Northeastern Section - 43rd Annual Meeting (27-29 March 2008)

Paper No. 1
Presentation Time: 8:00 AM-12:00 PM

POSSIBLE LATE OR POST-OTTAWAN EXTENSION IN THE EASTERN ADIRONDACKS NEAR WHITEHALL, NY: PRELIMINARY RESULTS


KOWALKOSKI, Justin, Department of Geology, Colgate University, 13 Oak Dr, Hamilton, NY 13346, WONG, Martin, Geology, Colgate University, Hamilton, NY 13346 and MCLELLAND, James, Dept. Geology, Colgate Univ, Hamilton, NY 13346, jkowalkoski@mail.colgate.edu

The Ottawan orogeny (ca. 1090–1030 Ma) was the final collisional event within the Grenville province in the Adirondack region of northern New York (McLelland et al, 2001). Crustal extension in the region occurred both during the late Ottawan and as much as 50–70 m.y. after the orogeny (Streepey et al., 2001). Extension was likely driven by collapse of an over-thickened crust, although post-orogenic extension may have had an alternate origin. Shear zones thought to accommodate this extensional phase are largely found in the NW Adirondacks (Carthage-Colton shear zone) and southern Ontario (Bancroft and Robertson Lake shear zones). It remains unclear if late-orogenic extension was limited to the NW Adirondack region or if it was a more wide-spread tectonic event.

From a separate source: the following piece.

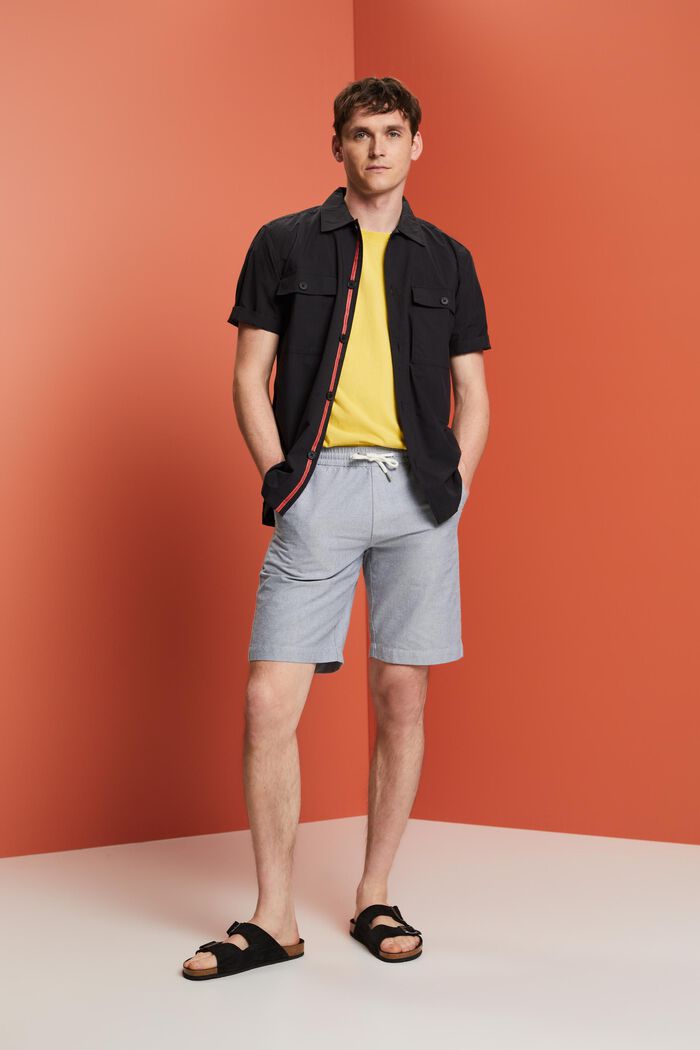 Pull-on twill shorts, 100% cotton, NAVY, detail image number 1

In the eastern Adirondacks near Whitehall, NY, high strain gneiss is exposed. The goal of this study was to determine the kinematics and strain magnitude of the shear zone to assess if it accommodated late-orogenic extension. The exposed rock is mainly a sillimanite-garnet gneiss, although granitic gneiss and other compositions are also present. The gneiss is an L-S tectonite with a shallowly (25°) SE dipping foliation and SE trending lineation. The granitic gneiss is typically less strained than surrounding rocks and may have been intruded syn-tectonically. Analysis of >100 K-feldspar sigma porphyroclasts in the granitic gneiss show that ~45% document top-SE or normal shear while only 25% show top-NW shear. Strain measurements suggest that low strain samples are dominated by plane strain while higher strain samples fall in the flattening field. Therefore, it is possible that the shear zone acted as a ductile normal fault for part of its strain history, although a more complex evolution is likely. Assuming that the shear zone is 3-8 km thick, that strain is due to simple shear during extension (an oversimplification), and that deformation in the granitic gneiss is typical of the entire shear zone, total normal-sense displacement across the zone is estimated at 5-15 km. These preliminary results suggest that the eastern Adirondacks also accommodated significant extension, likely during late or post-Ottawan time. Ongoing structural, petrographic and geochronologic studies are expected to yield new insights into the strain history of this shear zone.